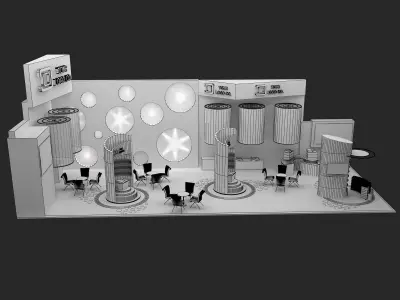 Booth Exhibition Stand a465d 3D model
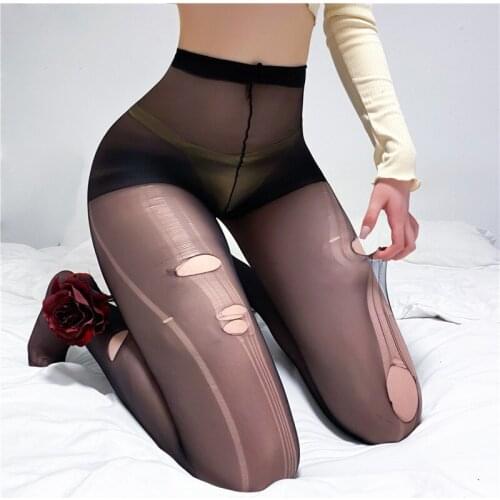 2021 Womens Porno Hollow Out Punk Sexy Pantyhose Black Stocking Fishnet Stockings Club Party Hosiery Female Long Stockings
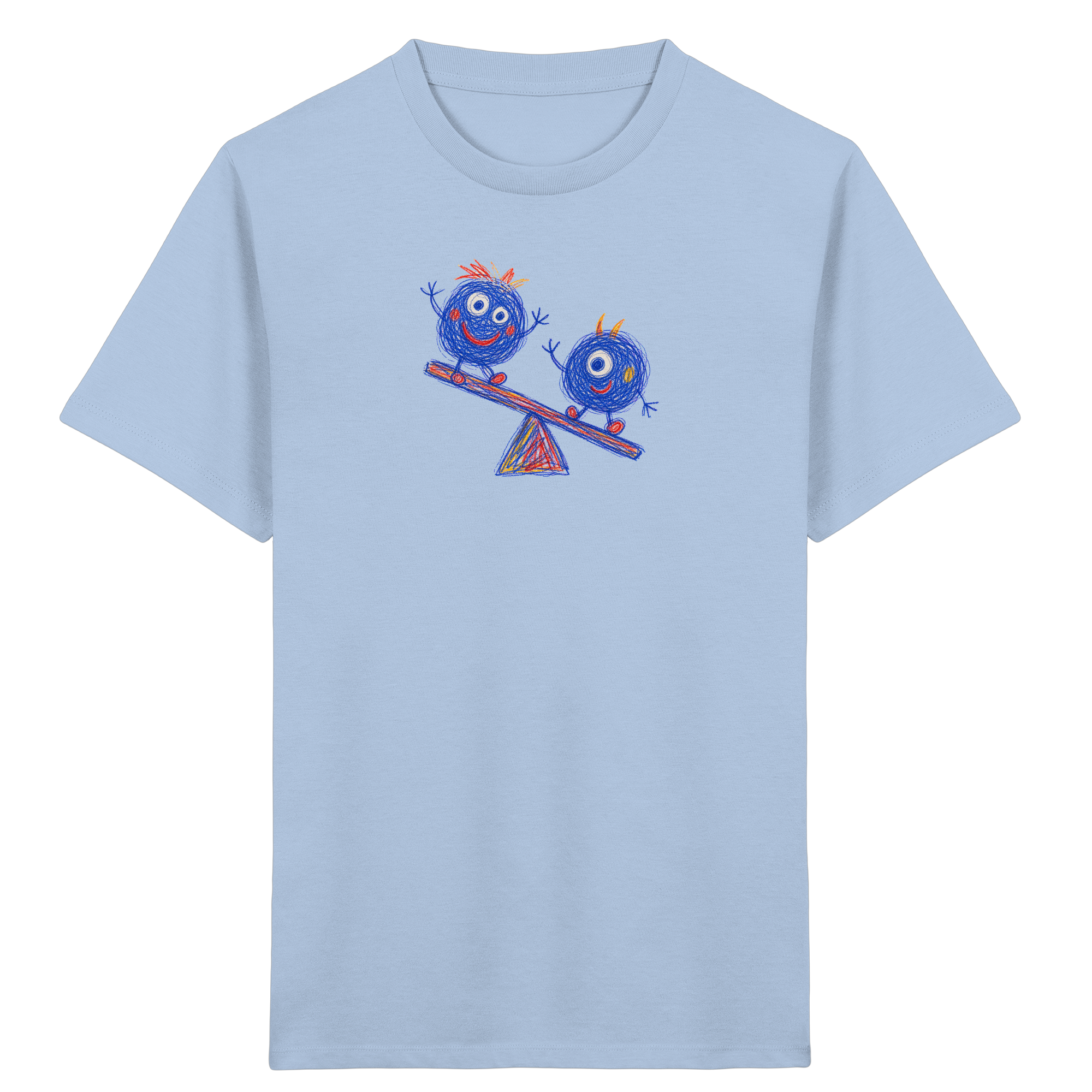 Wippenwuschel Kinder T-Shirt mit Wippen-Monstern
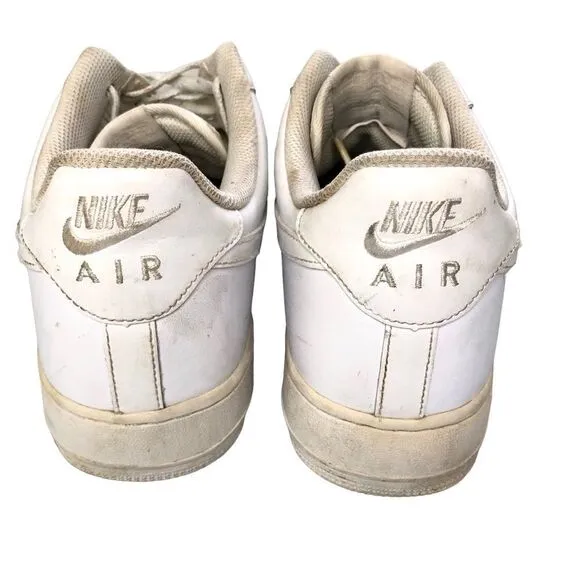 Nike Air Force Ones Iconic Low LE &quot;White/White&quot; Men's Shoes Size 12
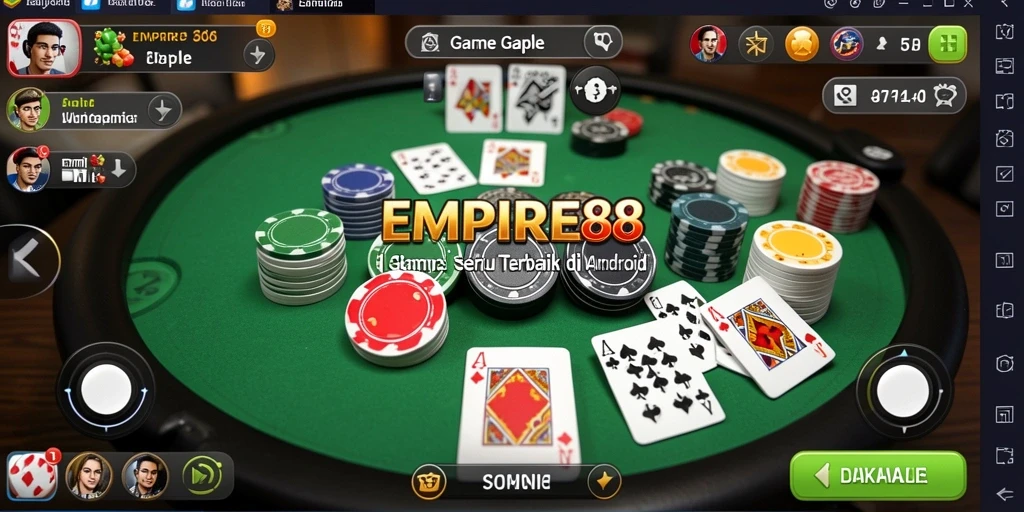 Tampilan seru gameplay Gaple dalam EMPIRE88.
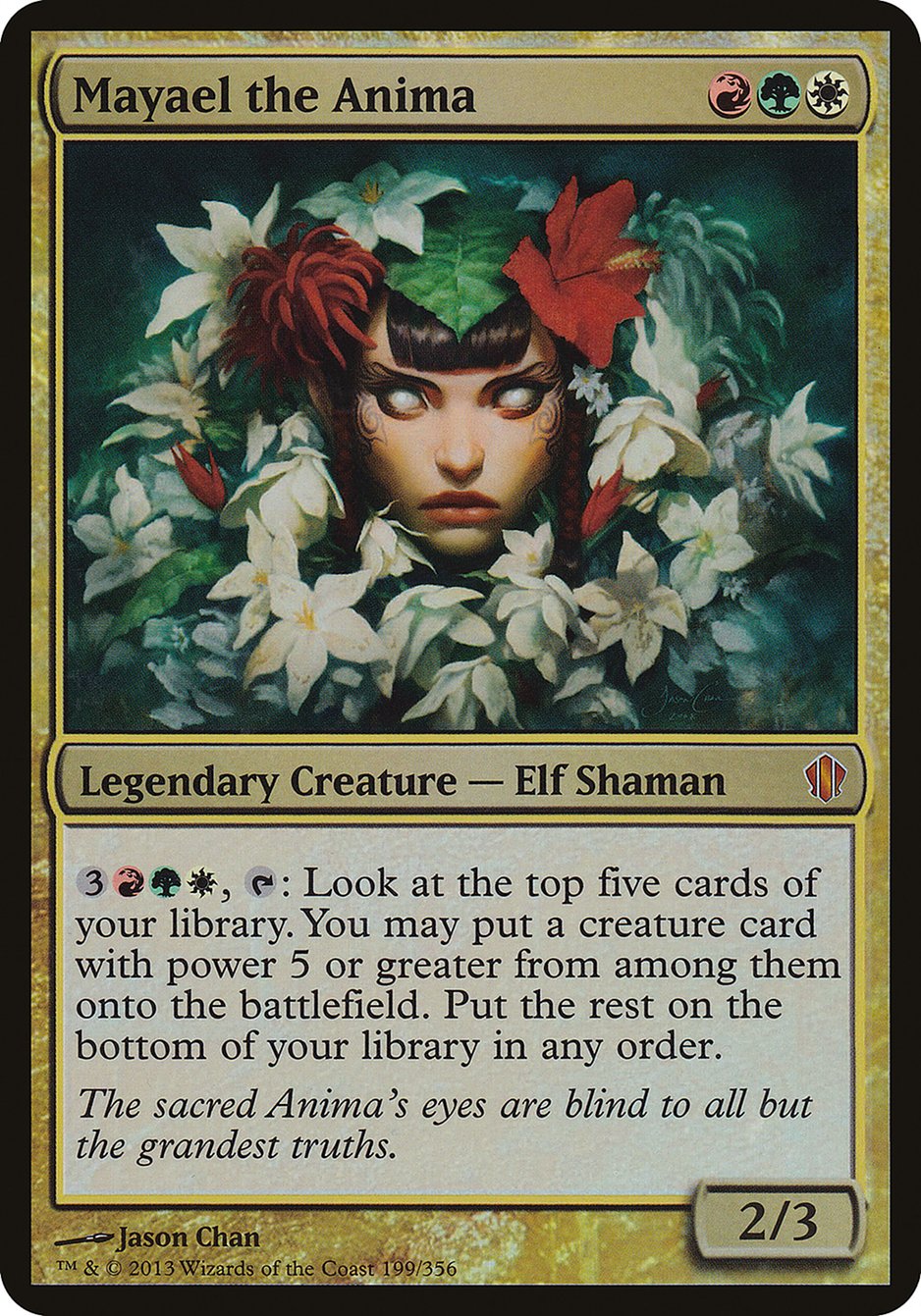 Mayael the Anima (Oversized) [Commander 2013 Oversized] - Magic: The Gathering - Card Brawlers | Quebec | Canada |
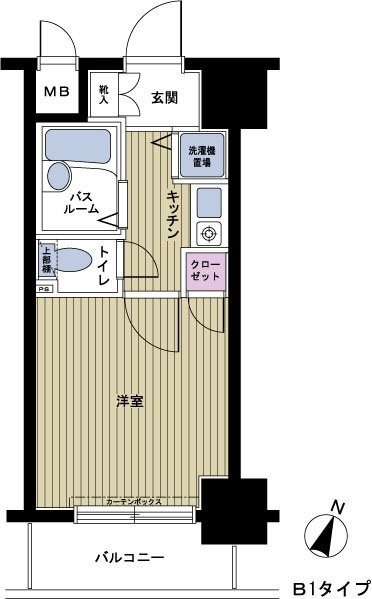 フェニックス笹塚壱番館の間取り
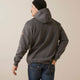 Ariat Rev Sudadera Tipo Pullover para Ropa de Trabajo para Hombre, Resistente al Fuego (FR), Con Capucha - Carbón - 10046643 - Imagen 5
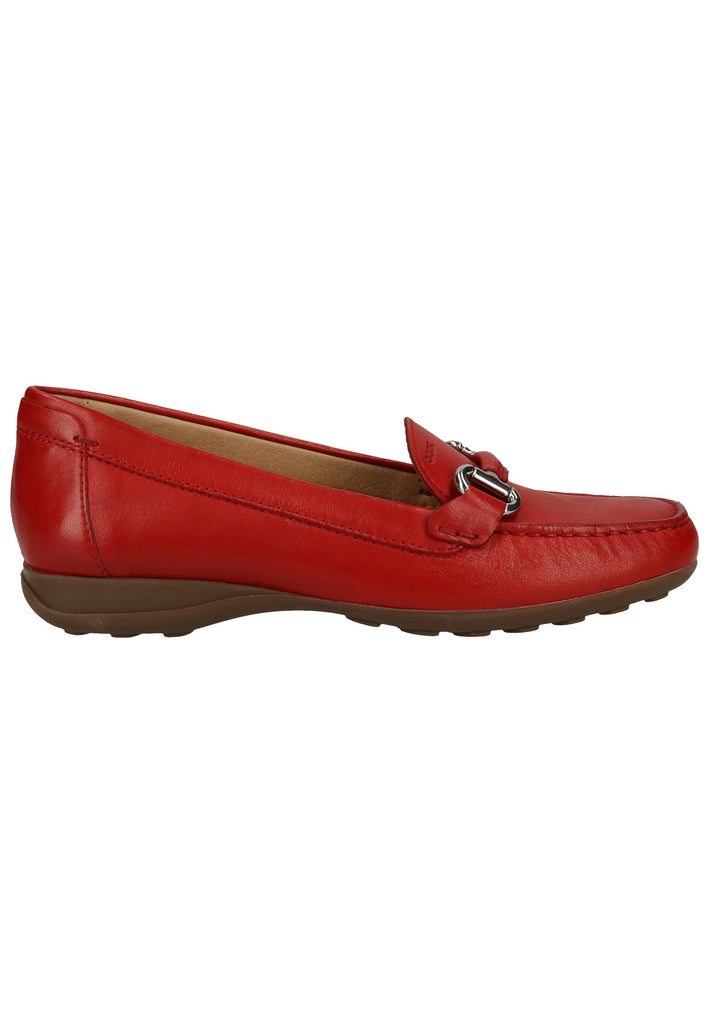 Geox Mokassin Leder Rot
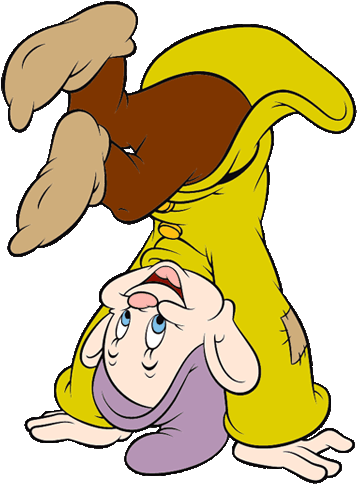 Snow White And The Seven Dwarfs Clipart Dopey - Snow White Dwarfs Dopey (375x497)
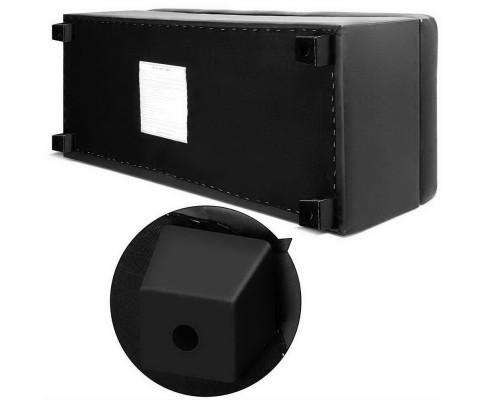 PU Leather Storage Ottoman - Black Artiss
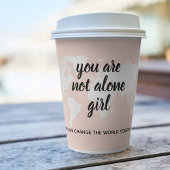 Gobelets En Papier Positif Vous N'Êtes Pas Seul Citation Motivation F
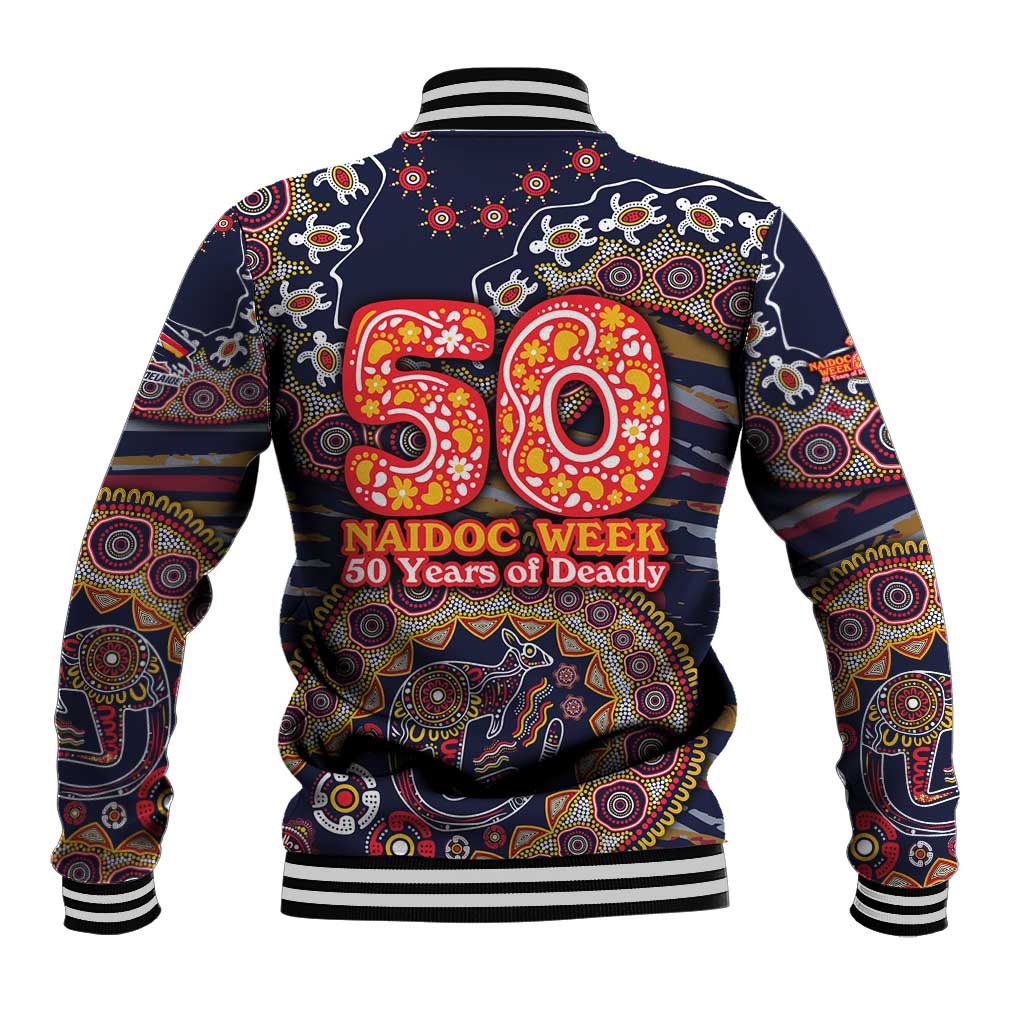 Adelaide Crows NAIDOC Week 2026 Baseball Jacket Australian Aboriginal Dot Art Dreamtime Pattern Style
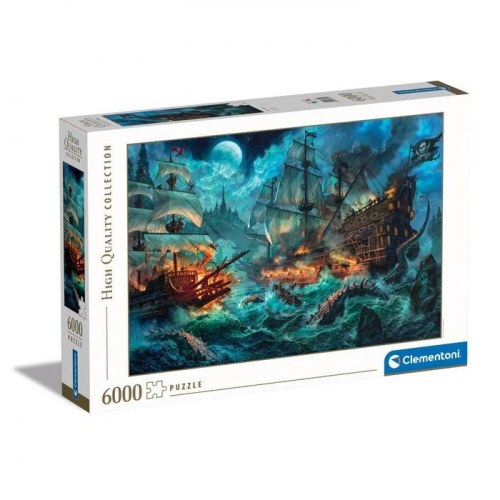 Clementoni 6000 brikker puslespil Pirate Battle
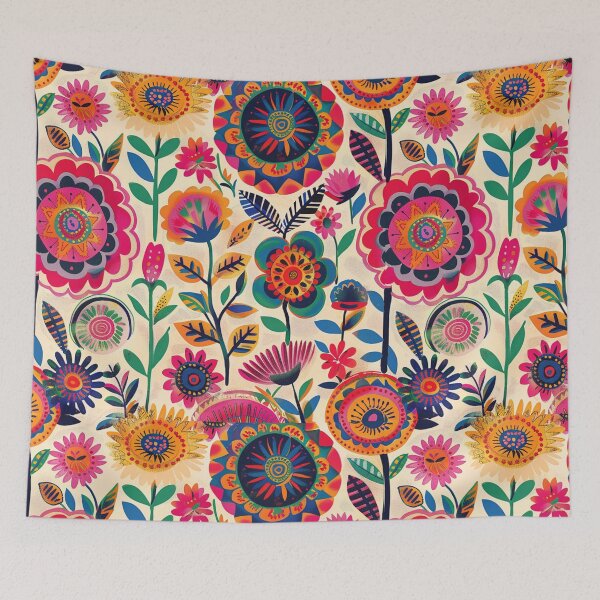 Item preview, Folk Blooms designed and sold by Ellimade.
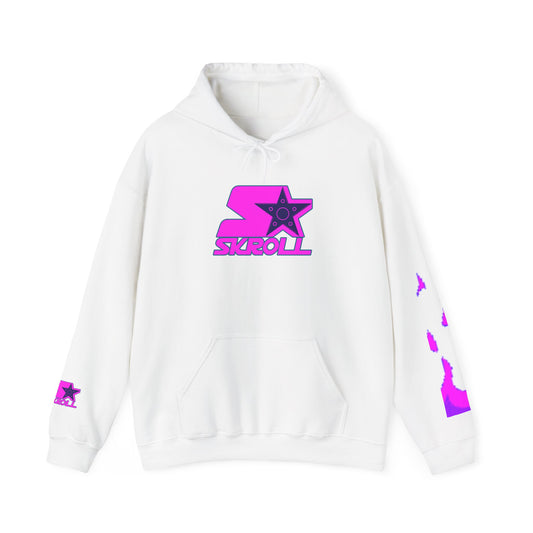 Skroll "Pink Shuriken x The Skatepark Saved My Life" Unisex Heavy Blend™ Hoodie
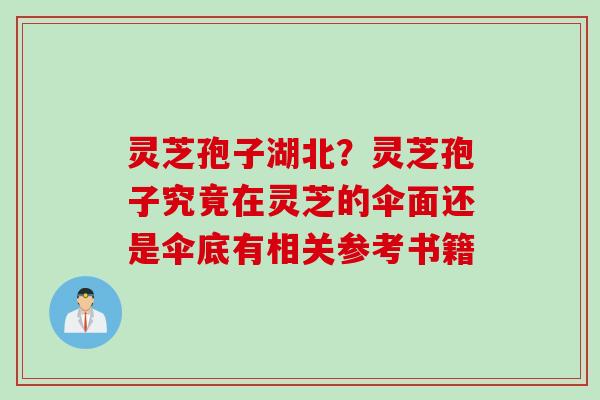 灵芝孢子湖北？灵芝孢子究竟在灵芝的伞面还是伞底有相关参考书籍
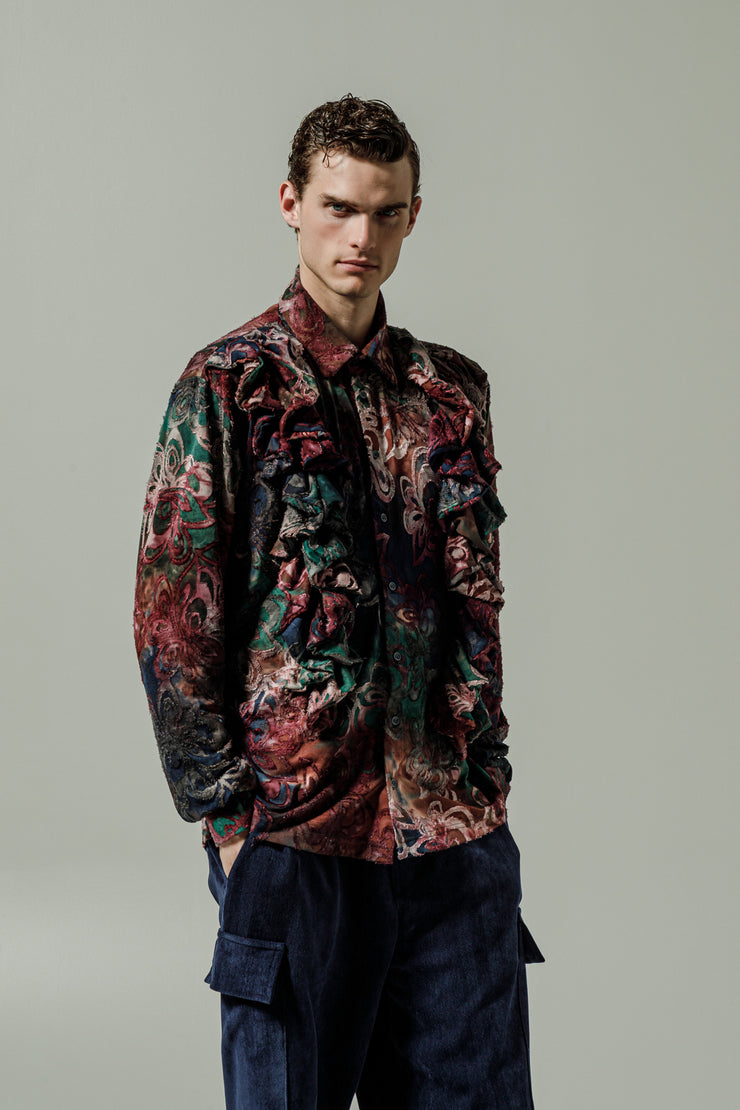 Alabaster Shirt Printed Bordeaux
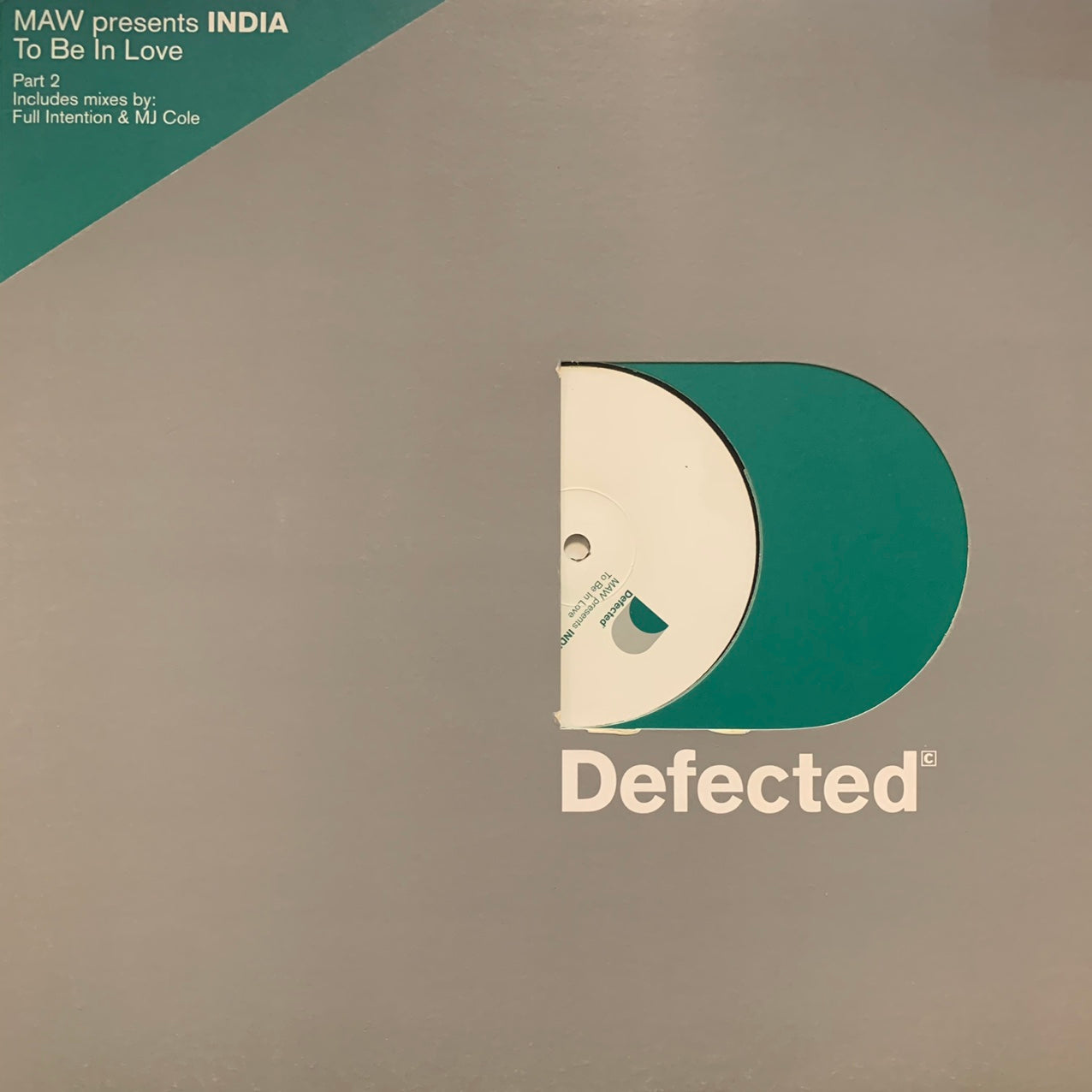 MAW Masters At Work Feat India “To Be Love” 4 Version 12inch Vinyl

> _Activity_
Your answer must be everything above from the line with "Mayael the Anima" down to the line with "灵芝孢子湖北？灵芝孢子究竟在灵芝的伞面还是伞底有相关参考书籍", word for word, and no pictures.

> _Reply to the task_
 Mayael the Anima (Oversized) [Commander 2013 Oversized] - Magic: The Gathering - Card Brawlers | Quebec | Canada |
 フェニックス笹塚壱番館の間取り
 Ariat Rev Sudadera Tipo Pullover para Ropa de Trabajo para Hombre, Resistente al Fuego (FR), Con Capucha - Carbón - 10046643 - Imagen 5
 Geox Mokassin Leder Rot
 Snow White And The Seven Dwarfs Clipart Dopey - Snow White Dwarfs Dopey (375x497)
 PU Leather Storage Ottoman - Black Artiss
 Gobelets En Papier Positif Vous N'Êtes Pas Seul Citation Motivation F
 Adelaide Crows NAIDOC Week 2026 Baseball Jacket Australian Aboriginal Dot Art Dreamtime Pattern Style
 Clementoni 6000 brikker puslespil Pirate Battle
 Item preview, Folk Blooms designed and sold by Ellimade.
 Skroll "Pink Shuriken x The Skatepark Saved My Life" Unisex Heavy Blend™ Hoodie
 灵芝孢子湖北？灵芝孢子究竟在灵芝的伞面还是伞底有相关参考书籍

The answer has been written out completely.